Around 1 million barrels per day of oil sands crude was shut
in early this month because of the out-of-control fire that
swept through the region, torching parts of oil sands hub Fort
McMurray and forcing some projects to evacuate workers as a
precaution.
Royal Dutch Shell (Xetra: A0ET6Q - news) restarted some output at its
255,000 barrel per day Albian Sands mine on last week and Suncor
Energy said it is working on bringing back production at
its 350,000 bpd base plant, but synthetic crude supply in the
region remains well below normal levels.
Light synthetic crude from the oil sands for June delivery
last traded at $1.45 per barrel over the West Texas Intermediate
benchmark, according to Shorcan Energy brokers, strengthening
from Friday's settle of $1.05 per barrel above the benchmark.

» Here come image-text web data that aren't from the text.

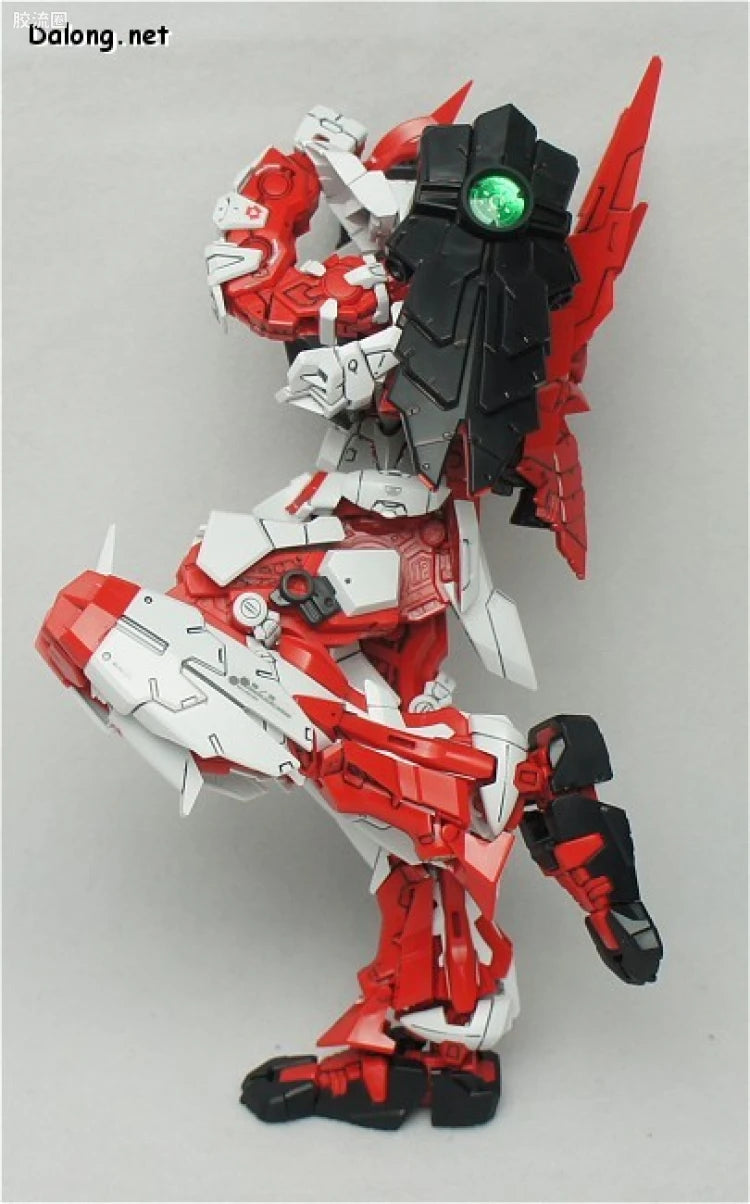 Bandai MG 1/100 Sengoku Astray Gundam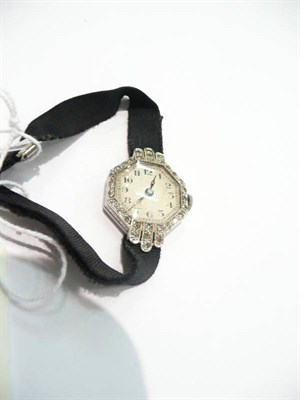 Lot 64 - A diamond set lady's watch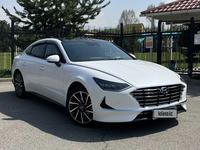 Hyundai Sonata 2020 года за 13 600 000 тг. в Алматы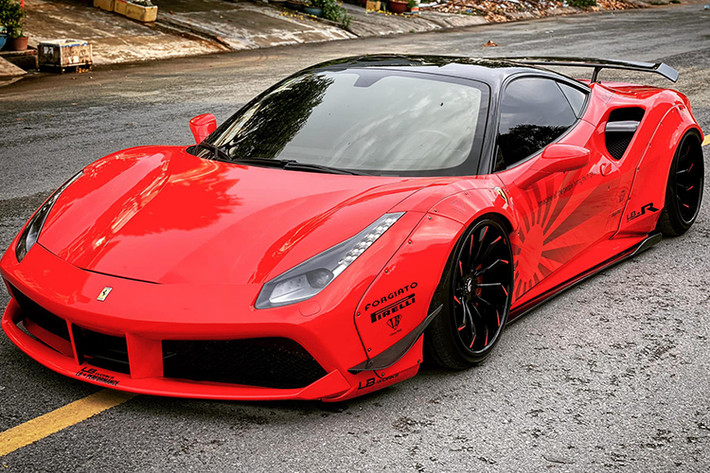 Chỉ sau chưa được vài ngày thay các bộ áo màu xanh lá và đỏ bằng đề-can, chiếc siêu xe Ferrari 488 GTB độ Liberty Walk độc nhất vô nhị tại Việt Nam đã được một người chuyên mua bán xe sang và siêu xe tại Sài thành cho lên thị trường mua bán xe đã qua sử dụng nhằm tìm kiếm khách hàng mới.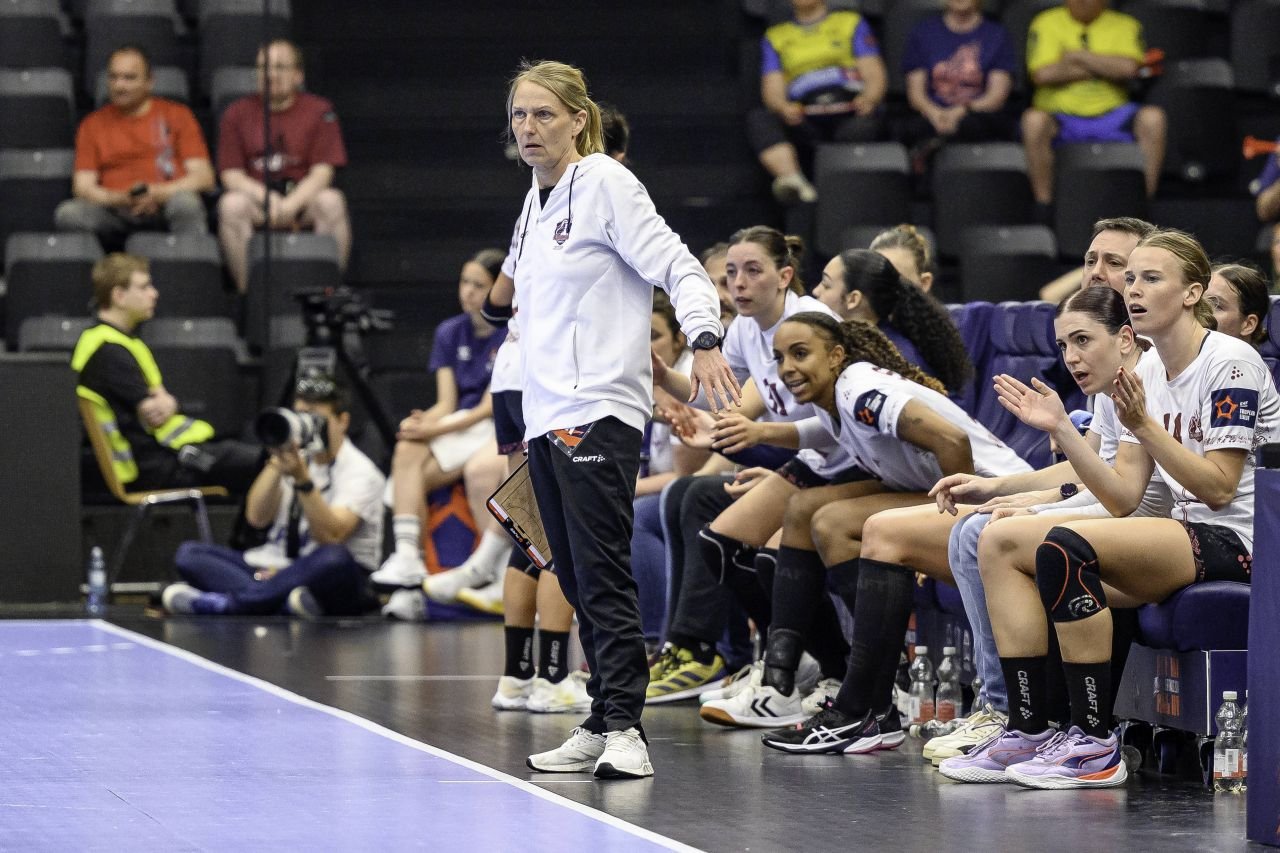 Helle Thomsen revine la CSM București! 
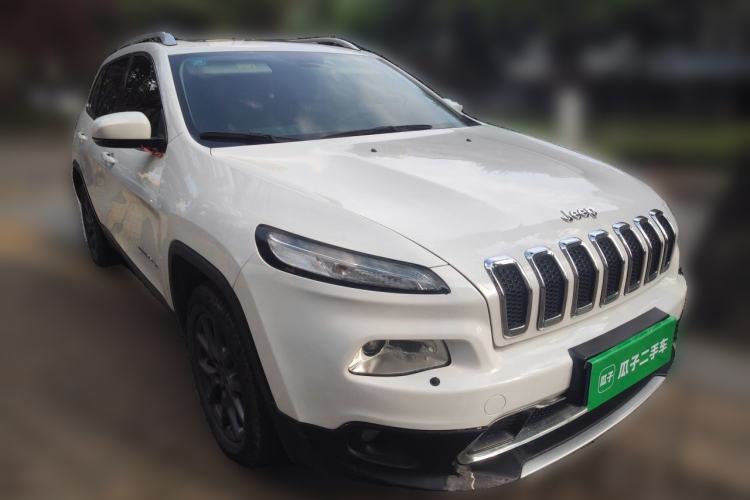 Used Jeep Cherokee 2020 2.0L Two-Wheel Drive Classic Sports Edition Front Right 45 Deg
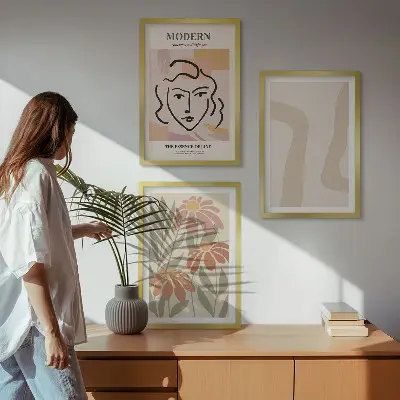 Billedsæt til soveværelset med moderne abstrakt kvinde-motiv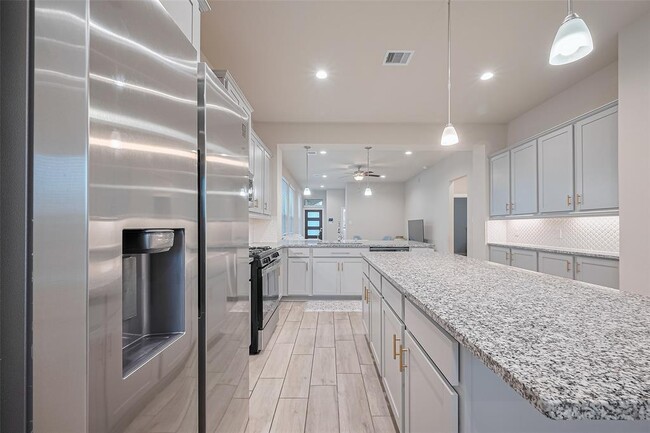 Building Photo - 7031 House Wren Ct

The fire is burning around 1 kilometre away from Enbridge (Dusseldorf: EN3.DU - news)
Inc's Cheecham tank farm, Alberta officials said on
Monday, underscoring the ongoing disruptions to some critical
infrastructure in the region.
Western Canada Select heavy blend crude for June delivery
traded at $12.00 per barrel below WTI, widening 15 cents from
Friday's settle of $11.85 per barrel under the benchmark.